Os perigos da internet
PUBLICAÇÃO
quinta-feira, 04 de fevereiro de 2016
Mie Francine Chiba Reportagem Local 
Cerca de 44 milhões de pessoas foram vítimas do cibercrime no Brasil em 2015, segundo estimativa da Norton, empresa de antivírus. Dia após dia, os usuários de internet continuam sofrendo os impactos de crimes virtuais cometidos por meio de armadilhas que os criminosos espalham pela rede.
No próximo dia 9 será realizada a campanha global do Dia da Internet Segura. A data tem o objetivo de alertar a população para os perigos da internet. Para o especialista em segurança da Norton, André Carrareto, são vários os motivos para as pessoas continuarem vulneráveis a ataques de cribercriminosos. Um deles é o uso de proteções tecnológicas ultrapassadas e de sistemas operacionais piratas. "Em linhas gerais, a proteção tecnológica não é a mais avançada. A gente vê muita gente usando computadores com sistemas operacionais não legítimos, que não permitem a atualização de segurança. Tem também a cultura de uso de antivírus gratuito, que funciona até um certo limite."
Do ponto de vista comportamental, muitos usuários de internet não avaliam, quando estão diante de um e-mail de spam, por exemplo, que aquilo pode se tratar de uma "isca" para o roubo de dados pessoais e financeiros. "É sempre bom desconfiar se a oferta é muito boa ou se a ameaça é muito forte (algo como 'faça um depósito até amanhã, caso contrário seu prêmio irá expirar')." Além disso, deve-se avaliar se aquele e-mail realmente era esperado, observa Carrareto. "As pessoas não se perguntam se preencheram cadastro em uma loja ou estão participando da promoção de um banco para receberem aquele e-mail, e por isso acabam caindo em golpes."

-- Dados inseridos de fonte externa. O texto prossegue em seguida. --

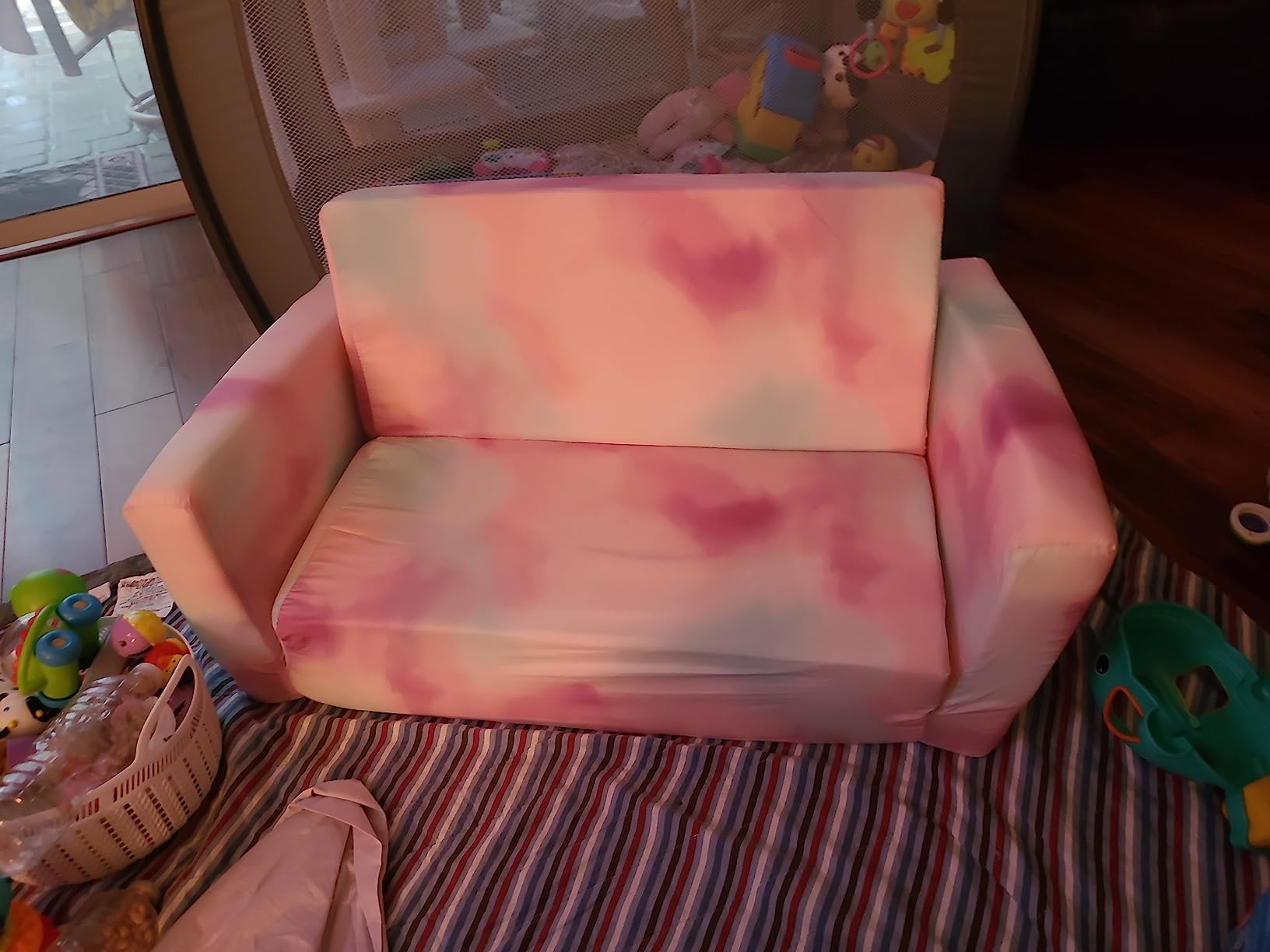 Delta Children Cozee 2-in-1 Sofa, 2-Seater Convertible Toddler Couch Sleeper, Wide 2-in-1 Flip Open Foam Chair for Playroom, Pet-Friendly, Bed Lounger, Comfy Play Sleeping Lounge Chair, Pink Tie Dye customer photo 1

A falta de proteção nos computadores permite que os usuários sofram ataques como o do ransonware, que segundo Carrareto, deverá crescer ainda mais neste ano. Trata-se de uma ameaça que, quando "injetado" no computador, criptografa os dados do usuário e pede um resgate em troca. "Não é uma cultura das pessoas fazerem backup de dados. É importante ficar atento e ter uma boa solução de segurança." O ransonware pode chegar por meio de e-mails de spam ou de malwaretisement, anúncios presentes em páginas da internet que infectam o computador do usuário quando clicados.
Criminosos profissionais
Também contribui para o fato de mais e mais pessoas serem vítimas de cibercrimes a "profissionalização" dos cibercriminosos, que evoluíram muito suas táticas de ataque, impulsionados pelo "mercado negro" de dados. A opinião é de André Munhoz, gerente de Marketing e Comunicação da Avast, empresa de segurança para PCs e dispositivos móveis. "Os ataques de cibercriminosos se profissionalizaram muito nos últimos anos. Hoje em dia existe um mercado negro de dados pessoais, de cartão de crédito."
Uma das táticas utilizadas é o roubo de DNS (Domain Name System), que é uma espécie de identificação de sites da internet. Por meio dessa estratégia, o cibercriminoso é capaz de redirecionar o acesso ao site de um banco, por exemplo, a um site falso arquitetado para roubar dados do usuário. "É muito fácil as pessoas caírem nesse tipo de ataque por causa da quantidade de redes Wi-Fi públicas abertas sem qualquer tipo de criptografia, senha", diz Munhoz. De acordo com ele, os criminosos invadem redes Wi-Fi abertas para redirecionar o acesso dos seus usuários para os sites falsos.
Outra forma de ataque ainda muito recorrente é através do spam, aqueles e-mails que chegam sorrateiramente à caixa de entrada dos usuários com diversos tipos de mensagens: seja pedindo para atualizar a senha de acesso ao banco com urgência, seja alertando o usuário de que ele foi sorteado e que para resgatar o prêmio precisa realizar uma série de procedimentos. Acontece que esses e-mails podem esconder malwares, códigos maliciosos que podem ser perigosos de diversas formas, inclusive sequestrando dados pessoais e financeiros do usuário. "Cada vez mais os hackers estão criando armadilhas diferentes, confundindo o usuário."